Above Image: Kabiljo Inc - Occupy!
Every year, Salone Internazionale del Mobile
promises to offer us an exciting melting pot of design, with this
year's show proving to be no different. Here we bring you our
roundup of 2012's most innovative installations and creations, from
big-name exhibitors to hotly emerging designers.

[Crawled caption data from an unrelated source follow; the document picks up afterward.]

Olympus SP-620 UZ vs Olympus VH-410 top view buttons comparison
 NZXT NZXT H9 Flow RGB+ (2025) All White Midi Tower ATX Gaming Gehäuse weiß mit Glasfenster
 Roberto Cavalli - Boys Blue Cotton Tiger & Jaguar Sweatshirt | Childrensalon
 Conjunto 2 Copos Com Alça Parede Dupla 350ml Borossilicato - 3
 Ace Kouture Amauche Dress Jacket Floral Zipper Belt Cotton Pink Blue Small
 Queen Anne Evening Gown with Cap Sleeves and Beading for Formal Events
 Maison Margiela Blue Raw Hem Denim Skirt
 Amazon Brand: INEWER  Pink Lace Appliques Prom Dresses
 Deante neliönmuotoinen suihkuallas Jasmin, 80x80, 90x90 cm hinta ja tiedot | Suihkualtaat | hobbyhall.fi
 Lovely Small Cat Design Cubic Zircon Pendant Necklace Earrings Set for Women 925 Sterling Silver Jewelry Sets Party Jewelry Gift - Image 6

Claire-Anne O'Brien - Knitted Furniture & Booo!
Studios with Front - Surface Tension Lamp
Bored of your winter knits? Claire-Anne O'Brien puts a uniquely
contemporary spin on hers with her knitted furniture. Her playful
designs manipulate standard forms and scales of knitting.
This quirky light installation by Booo! Studios for Front has
been designed to draw on the long life of LED bulbs. The Surface
Tension Lamp combines a metal base with a constant cycle of bubbles
to create an ever-evolving lampshade. In the ten years it will take
for the LED to burn out, the bubbles will have delicately formed
approximately three million different shades.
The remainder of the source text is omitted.